EXERCISE AIM: These entries must be printed again exactly as they are.
━━ RECORD EXTRACTS
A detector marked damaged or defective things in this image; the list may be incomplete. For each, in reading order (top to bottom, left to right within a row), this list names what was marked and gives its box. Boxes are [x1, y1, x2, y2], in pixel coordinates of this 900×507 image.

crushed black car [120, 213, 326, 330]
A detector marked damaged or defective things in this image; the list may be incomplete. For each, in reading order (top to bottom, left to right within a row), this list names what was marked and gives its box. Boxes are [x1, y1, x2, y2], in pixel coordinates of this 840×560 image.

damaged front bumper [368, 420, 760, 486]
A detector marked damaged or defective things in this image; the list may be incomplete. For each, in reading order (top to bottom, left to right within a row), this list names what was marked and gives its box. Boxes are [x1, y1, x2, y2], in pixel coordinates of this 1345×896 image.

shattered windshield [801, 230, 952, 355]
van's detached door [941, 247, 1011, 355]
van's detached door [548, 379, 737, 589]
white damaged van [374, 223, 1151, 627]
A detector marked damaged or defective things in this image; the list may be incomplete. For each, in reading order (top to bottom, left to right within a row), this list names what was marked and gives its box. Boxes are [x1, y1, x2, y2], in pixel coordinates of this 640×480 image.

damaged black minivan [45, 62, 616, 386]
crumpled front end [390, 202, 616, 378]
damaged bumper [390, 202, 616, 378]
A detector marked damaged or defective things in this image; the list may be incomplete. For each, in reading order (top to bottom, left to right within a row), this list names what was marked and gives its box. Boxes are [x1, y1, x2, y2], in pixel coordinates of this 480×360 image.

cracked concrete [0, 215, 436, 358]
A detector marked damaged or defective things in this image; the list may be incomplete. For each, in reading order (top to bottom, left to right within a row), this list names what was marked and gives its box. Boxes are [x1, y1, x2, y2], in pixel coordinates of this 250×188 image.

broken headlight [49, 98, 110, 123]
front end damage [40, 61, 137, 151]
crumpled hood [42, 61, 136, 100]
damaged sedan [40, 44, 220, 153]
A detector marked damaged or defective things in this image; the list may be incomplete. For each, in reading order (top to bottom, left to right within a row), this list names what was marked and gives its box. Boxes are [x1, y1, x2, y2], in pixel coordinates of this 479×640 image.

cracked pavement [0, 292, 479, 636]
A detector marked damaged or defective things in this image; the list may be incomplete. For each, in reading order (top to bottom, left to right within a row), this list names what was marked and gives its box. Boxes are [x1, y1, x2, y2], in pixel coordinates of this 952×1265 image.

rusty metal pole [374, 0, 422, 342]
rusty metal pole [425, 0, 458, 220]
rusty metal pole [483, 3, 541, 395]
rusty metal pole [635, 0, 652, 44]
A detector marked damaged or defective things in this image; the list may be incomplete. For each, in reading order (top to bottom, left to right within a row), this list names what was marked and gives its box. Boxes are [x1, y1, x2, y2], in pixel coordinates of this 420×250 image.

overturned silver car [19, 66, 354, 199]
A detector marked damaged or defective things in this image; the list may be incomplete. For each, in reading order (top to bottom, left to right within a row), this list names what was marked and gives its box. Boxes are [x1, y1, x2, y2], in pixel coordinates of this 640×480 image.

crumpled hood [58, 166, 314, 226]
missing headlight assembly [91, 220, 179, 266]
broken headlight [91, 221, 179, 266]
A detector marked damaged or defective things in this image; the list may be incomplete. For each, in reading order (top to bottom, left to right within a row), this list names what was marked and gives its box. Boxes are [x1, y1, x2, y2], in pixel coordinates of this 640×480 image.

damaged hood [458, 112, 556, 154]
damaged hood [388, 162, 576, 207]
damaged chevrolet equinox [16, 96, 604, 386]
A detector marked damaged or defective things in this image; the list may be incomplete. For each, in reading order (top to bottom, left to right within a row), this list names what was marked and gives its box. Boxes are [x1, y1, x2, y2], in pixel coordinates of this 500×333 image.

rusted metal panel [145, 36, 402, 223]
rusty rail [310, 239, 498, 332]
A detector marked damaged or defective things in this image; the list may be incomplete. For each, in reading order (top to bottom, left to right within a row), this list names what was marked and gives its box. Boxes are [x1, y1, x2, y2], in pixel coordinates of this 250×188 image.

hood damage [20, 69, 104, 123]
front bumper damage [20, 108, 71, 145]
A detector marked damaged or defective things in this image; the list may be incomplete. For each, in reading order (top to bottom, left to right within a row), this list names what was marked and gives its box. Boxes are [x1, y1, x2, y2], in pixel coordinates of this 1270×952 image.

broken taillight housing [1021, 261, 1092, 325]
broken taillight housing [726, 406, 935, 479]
━━━━
RESPONSE BOX:
A detector marked damaged or defective things in this image; the list may be incomplete. For each, in reading order (top to bottom, left to right within a row), this list names what was marked and gives its box. Boxes are [x1, y1, x2, y2], in pixel coordinates of this 900×507 image.

crushed black car [120, 213, 326, 330]
A detector marked damaged or defective things in this image; the list may be incomplete. For each, in reading order (top to bottom, left to right within a row), this list names what was marked and gives its box. Boxes are [x1, y1, x2, y2], in pixel coordinates of this 840×560 image.

damaged front bumper [368, 420, 760, 486]
A detector marked damaged or defective things in this image; the list may be incomplete. For each, in reading order (top to bottom, left to right within a row), this list names what was marked and gives its box. Boxes are [x1, y1, x2, y2], in pixel coordinates of this 1345×896 image.

shattered windshield [801, 230, 952, 355]
van's detached door [941, 247, 1011, 355]
van's detached door [548, 379, 737, 589]
white damaged van [374, 223, 1151, 627]
A detector marked damaged or defective things in this image; the list may be incomplete. For each, in reading order (top to bottom, left to right within a row), this list names what was marked and gives its box. Boxes are [x1, y1, x2, y2], in pixel coordinates of this 640×480 image.

damaged black minivan [45, 62, 616, 386]
crumpled front end [390, 202, 616, 378]
damaged bumper [390, 202, 616, 378]
A detector marked damaged or defective things in this image; the list may be incomplete. For each, in reading order (top to bottom, left to right within a row), this list names what was marked and gives its box. Boxes are [x1, y1, x2, y2], in pixel coordinates of this 480×360 image.

cracked concrete [0, 215, 436, 358]
A detector marked damaged or defective things in this image; the list may be incomplete. For each, in reading order (top to bottom, left to right within a row), this list names what was marked and gives its box. Boxes are [x1, y1, x2, y2], in pixel coordinates of this 250×188 image.

broken headlight [49, 98, 110, 123]
front end damage [40, 61, 137, 151]
crumpled hood [42, 61, 136, 100]
damaged sedan [40, 44, 220, 153]
A detector marked damaged or defective things in this image; the list may be incomplete. For each, in reading order (top to bottom, left to right within a row), this list names what was marked and gives its box. Boxes are [x1, y1, x2, y2], in pixel coordinates of this 479×640 image.

cracked pavement [0, 292, 479, 636]
A detector marked damaged or defective things in this image; the list may be incomplete. For each, in reading order (top to bottom, left to right within a row), this list names what was marked and gives its box. Boxes are [x1, y1, x2, y2], in pixel coordinates of this 952×1265 image.

rusty metal pole [374, 0, 422, 342]
rusty metal pole [425, 0, 458, 220]
rusty metal pole [483, 3, 541, 395]
rusty metal pole [635, 0, 652, 44]
A detector marked damaged or defective things in this image; the list may be incomplete. For each, in reading order (top to bottom, left to right within a row), this list names what was marked and gives its box. Boxes are [x1, y1, x2, y2], in pixel coordinates of this 420×250 image.

overturned silver car [19, 66, 354, 199]
A detector marked damaged or defective things in this image; the list may be incomplete. For each, in reading order (top to bottom, left to right within a row), this list names what was marked and gives its box. Boxes are [x1, y1, x2, y2], in pixel coordinates of this 640×480 image.

crumpled hood [58, 166, 314, 226]
missing headlight assembly [91, 220, 179, 266]
broken headlight [91, 221, 179, 266]
A detector marked damaged or defective things in this image; the list may be incomplete. For each, in reading order (top to bottom, left to right within a row), this list names what was marked and gives its box. Boxes are [x1, y1, x2, y2], in pixel coordinates of this 640×480 image.

damaged hood [458, 112, 556, 154]
damaged hood [388, 162, 576, 207]
damaged chevrolet equinox [16, 96, 604, 386]
A detector marked damaged or defective things in this image; the list may be incomplete. For each, in reading order (top to bottom, left to right within a row), this list names what was marked and gives its box. Boxes are [x1, y1, x2, y2], in pixel coordinates of this 500×333 image.

rusted metal panel [145, 36, 402, 223]
rusty rail [310, 239, 498, 332]
A detector marked damaged or defective things in this image; the list may be incomplete. For each, in reading order (top to bottom, left to right within a row), this list names what was marked and gives its box. Boxes are [x1, y1, x2, y2], in pixel coordinates of this 250×188 image.

hood damage [20, 69, 104, 123]
front bumper damage [20, 108, 71, 145]
A detector marked damaged or defective things in this image; the list may be incomplete. For each, in reading order (top to bottom, left to right within a row), this list names what was marked and gives its box. Boxes are [x1, y1, x2, y2], in pixel coordinates of this 1270×952 image.

broken taillight housing [1021, 261, 1092, 325]
broken taillight housing [726, 406, 935, 479]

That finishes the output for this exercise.